Segment Start: Records for this task

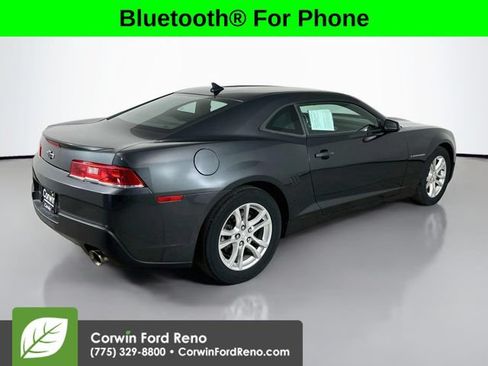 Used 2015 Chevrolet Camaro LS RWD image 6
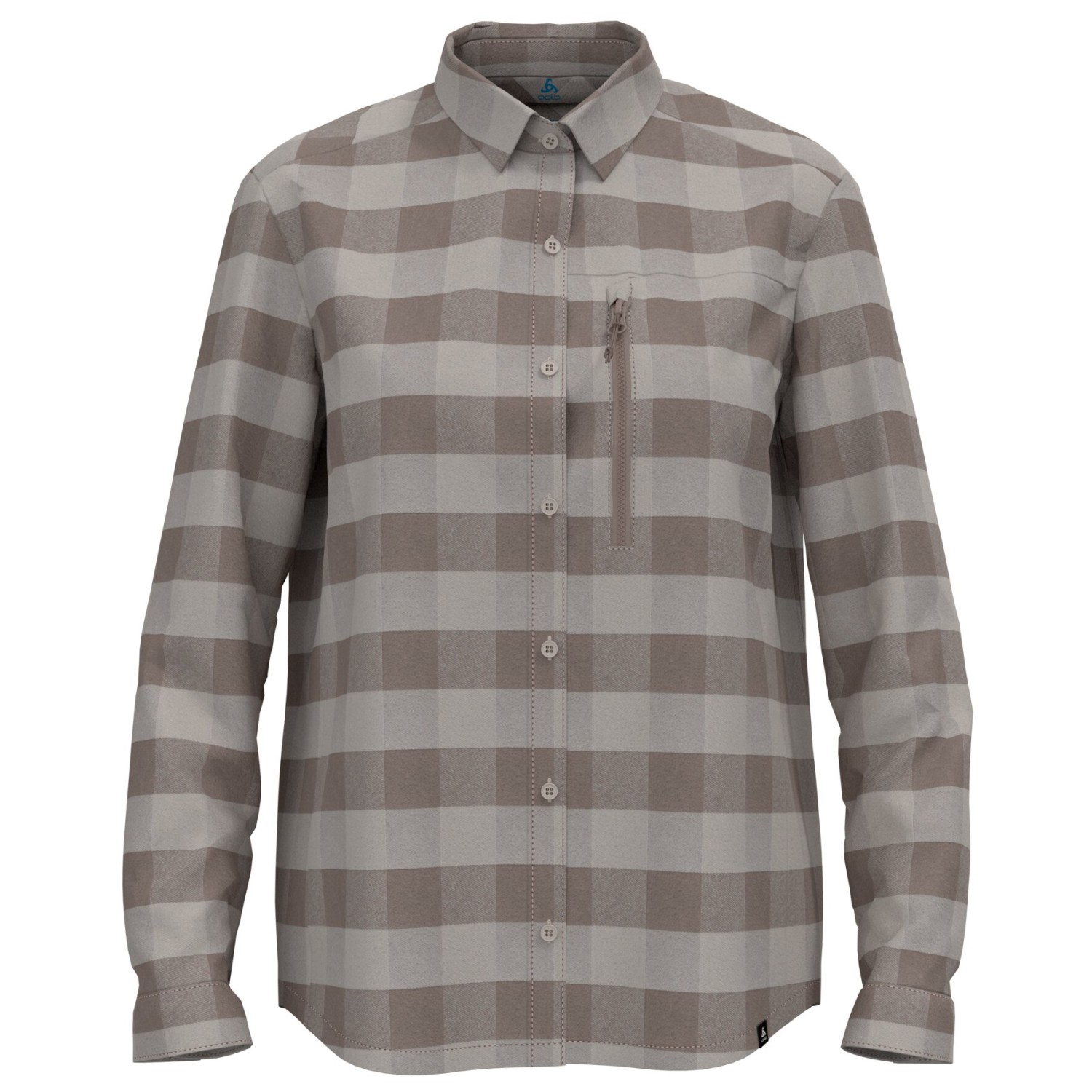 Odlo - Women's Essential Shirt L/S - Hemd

Segment End: Records for this task
Segment Start: Records for this task

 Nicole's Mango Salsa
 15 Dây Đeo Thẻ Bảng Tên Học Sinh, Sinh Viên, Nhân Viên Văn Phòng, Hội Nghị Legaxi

Segment End: Records for this task

Instructions to follow: Copy exactly the lines of the listing above between the one holding "Used 2015 Chevrolet Camaro LS RWD image 6" and the one holding "Odlo - Women's Essential Shirt L/S - Hemd", inclusive; omit all pictures.

Answer for this exercise:
 Used 2015 Chevrolet Camaro LS RWD image 6
 Odlo - Women's Essential Shirt L/S - Hemd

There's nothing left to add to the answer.